ANKARA: Pro-Armenian scholar blames ‘deep state’ for Dink’s murder

Turkish Daily News, Turkey
Jan 19 2008

Pro-Armenian scholar blames ‘deep state’ for Dink’s murder
Saturday, January 19, 2008

ÜMÝT ENGÝNSOY
WASHINGTON – Turkish Daily News

Turkey’s atmosphere of intolerance is to blame for the murder of
Hrant Dink a Turkish academic in the United States, who also spoke in
Washington about Turkish-Armenian relations, said Thursday.

Turkey’s `deep state’ is guilty of masterminding last year’s
killing of Dink, a prominent Turkish-Armenian newspaper editor, said
Taner Akçam, a Turkish academic backing Armenian `genocide’ claims.

This `deep state’ is an underground coalition of part of the
security forces and unelected bureaucrats determined to impede
Turkey’s democratization, Akçam, who is a former left-wing militant
and now a visiting associate professor of history at the University
of Minnesota, said at a news conference here.

Dink, editor of the Armenian-Turkish Agos newspaper, was shot to
death in front of his Istanbul office on Jan. 19, 2007. A nationalist
youth was apprehended for the murder and has confessed to the crime.
His trial is ongoing.

Dink’s murder was much more complicated than an isolated crime and
was a result of a `dangerous mindset’ in Turkey, Akçam said.

"A climate has been created such that to attack and persecute an
intellectual is considered a patriotic act,’ he said, adding, `the
media targets and attacks intellectuals and turns them into prey…
the justice system punishes the intellectuals, and thugs are used as
pawns to attack and kill the targeted intellectuals.’

What he called the atmosphere of intolerance in Turkey has
worsened, rather than improved, in the year following Dink’s murder,
Akçam said.

‘Repeal Article 301′

Akçam called on Turkey to abolish Article 301 of the Turkish Penal
Code, which criminalizes `insulting Turkishness,’ under which Dink
had been prosecuted.

Turkey does not have to formally label World War I-era killings of
Armenians in the Ottoman Empire as `genocide’ to resolve the dispute
with Armenians, Akçam said, speaking at the Southeast Europe Project
at the Woodrow Wilson Center, a Washington-based research center. A
Turkish move to accept "the crimes committed against Armenians" and
apologize or make a related gesture would solve the problem, he said.

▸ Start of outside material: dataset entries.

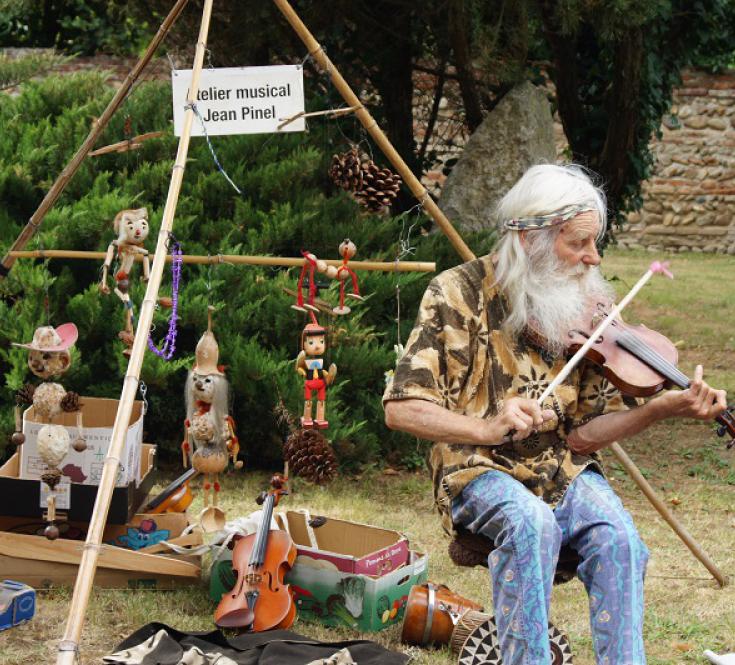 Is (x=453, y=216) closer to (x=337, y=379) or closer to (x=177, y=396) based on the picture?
(x=337, y=379)

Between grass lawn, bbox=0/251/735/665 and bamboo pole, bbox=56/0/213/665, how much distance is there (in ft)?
2.20

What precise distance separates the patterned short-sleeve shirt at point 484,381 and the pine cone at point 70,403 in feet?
3.86

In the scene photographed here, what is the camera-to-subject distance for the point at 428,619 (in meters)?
3.25

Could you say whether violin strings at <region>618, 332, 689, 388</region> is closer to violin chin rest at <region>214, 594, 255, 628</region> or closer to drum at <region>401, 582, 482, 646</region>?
drum at <region>401, 582, 482, 646</region>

The Ottomans had decided to remove the Armenians from their homes
as early as 1913, shortly after their defeat in the Balkan War, Akçam
said, disputing the Turkish argument that an Armenian rebellion in
cooperation with invading Russian forces in eastern Anatolia had
prompted the Ottoman government to forcibly relocate Armenians. He
gave no evidence, however, only saying he had proved it in his new
book.

Some Armenians in Istanbul and western Anatolia had also been
deported, Akçam added, but again he gave no evidence, only referring
to his book.He supported Ankara’s proposal for the creation of a
joint Turkish-Armenian commission of historians to probe the genocide
claim, adding that such a project would not work if Turkey did not
set up diplomatic and other relations with Armenia.